Aus diesem Grunde fordern die Grünen einen Runden Tisch aus Stadt, Denkmalamt und Wissenschaftern. Ziel sei, im Flakturm Führungen anzubieten, wofür ob des guten Erhaltungszustands nur eine Beleuchtung installiert werden müsste. Eine NS-Gedenkstätte sei gerade jetzt, "da einige Parteien knapp an der Wiederbetätigung kratzen", von enormer Bedeutung für die Aufklärung der Jugend, so Gretner: "Ein Datencenter kann dagegen in einem x-beliebigen Industriebau sein."

Stadt bestätigt Verhandlungen

Im zuständigen Ressort von Stadtrat Michael Ludwig (SPÖ) bestätigt man, dass man derzeit mit einem potenziellen Datencenterbetreiber verhandle. Eine Vorbesichtigung habe bereits stattgefunden, welche die grundsätzliche Eignung der Räume als Datenträgerlager erbracht habe. Dabei rede man nur über eine Vermietung, nicht einen Verkauf.

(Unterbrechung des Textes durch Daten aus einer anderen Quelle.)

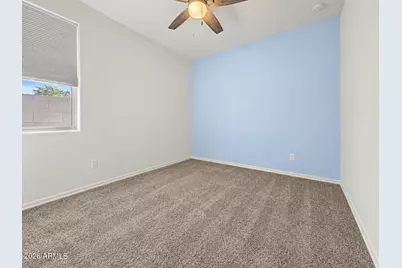 10696 N 188th Drive, Surprise, AZ 85388 - Photo 8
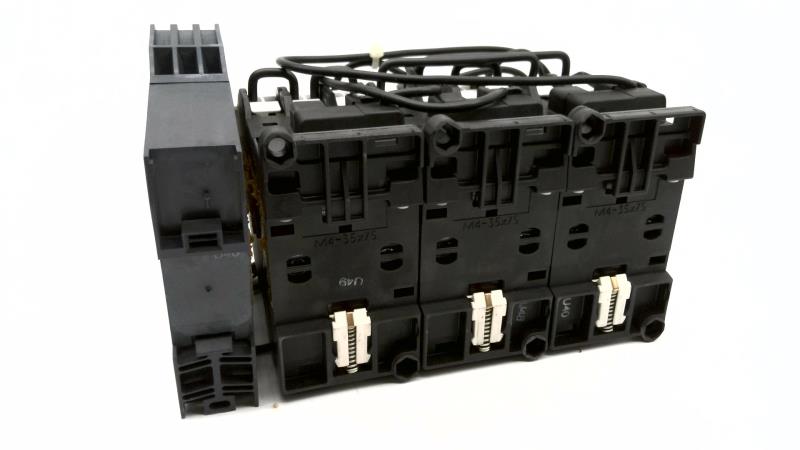 SIEMENS 3TE4203-2AF0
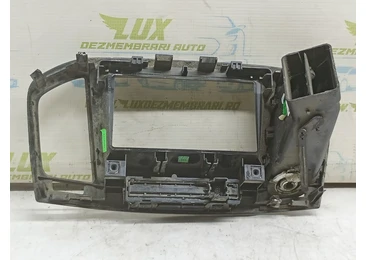 Grila ventilatie bord 495050031 Opel Insignia A (2008 - 2014)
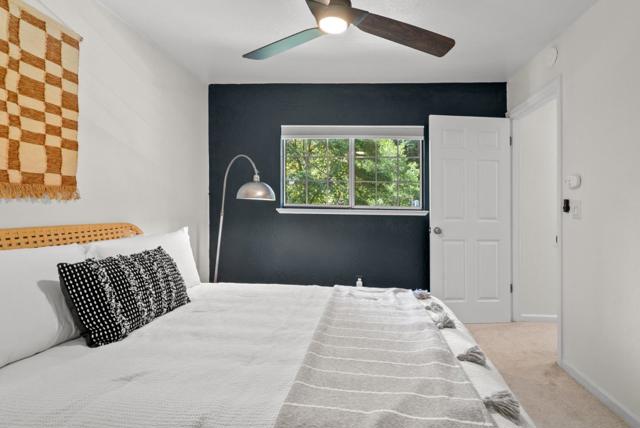 105 William Way, Felton CA: https://media.crmls.org/mediaz/6ef77ae7-2082-46c4-984a-9c85d740d888.jpg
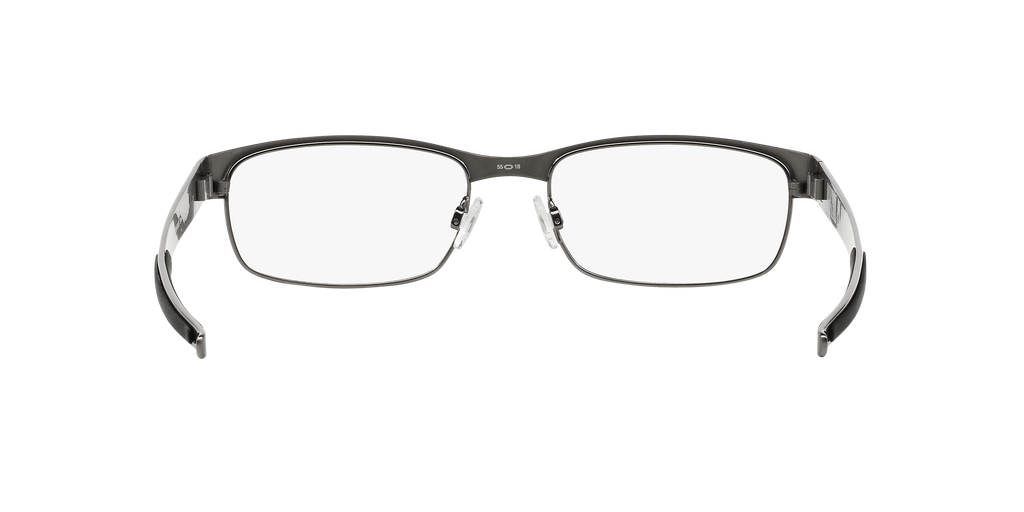 Oakley | 0OX5038 (Metal Plate)
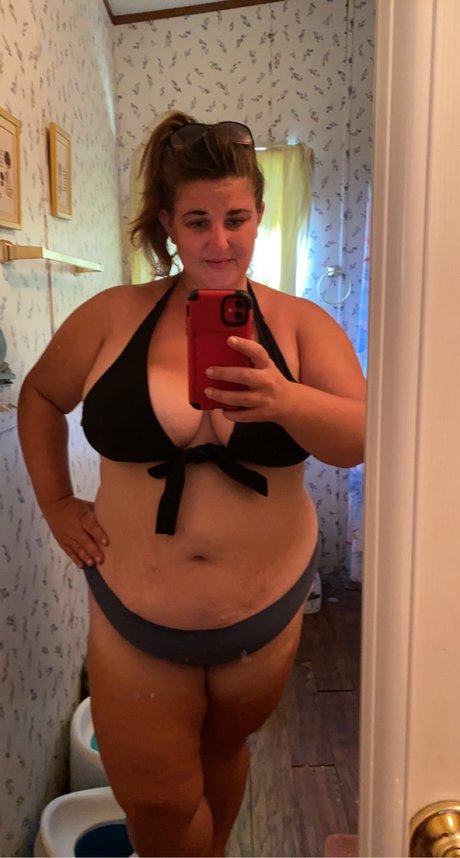 Samantha Bessette adult star galleries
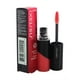 Laque Brillant - OR303 dans la Chair par Shiseido pour les Femmes - 0.25 oz Gloss à Lèvres – image 2 sur 3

Es stelle sich bei den brachliegenden Kriegsrelikten immer die Frage der Nutzung und wie eine solche finanzierbar sei. Bei einem Datencenter habe man den Vorteil, dass es keine großen Umbauarbeiten geben müsse, die dem Denkmalschutz widersprächen - anders als die Grünen dies bezüglich Stromaggregaten oder Zulieferverkehr prognostizierten. "Diese Befürchtungen können wir nicht teilen", so ein Ludwig-Sprecher. Es gehe um eine "Haus im Haus"-Lösung, bei der die Einbauten in die bestehende Hülle gesetzt würden.

Den Namen des potenziellen Betreibers könne man derzeit noch nicht nennen, es handle sich aber nicht um Datencenter Vienna (DCV), das sich lange vergeblich um ein ähnliches Projekt im Augarten-Flakturm bemüht hatte, der in der Verwaltung der Burghauptmannschaft steht. Man hoffe jedenfalls, noch im ersten Halbjahr ein fertiges Konzept präsentieren zu können.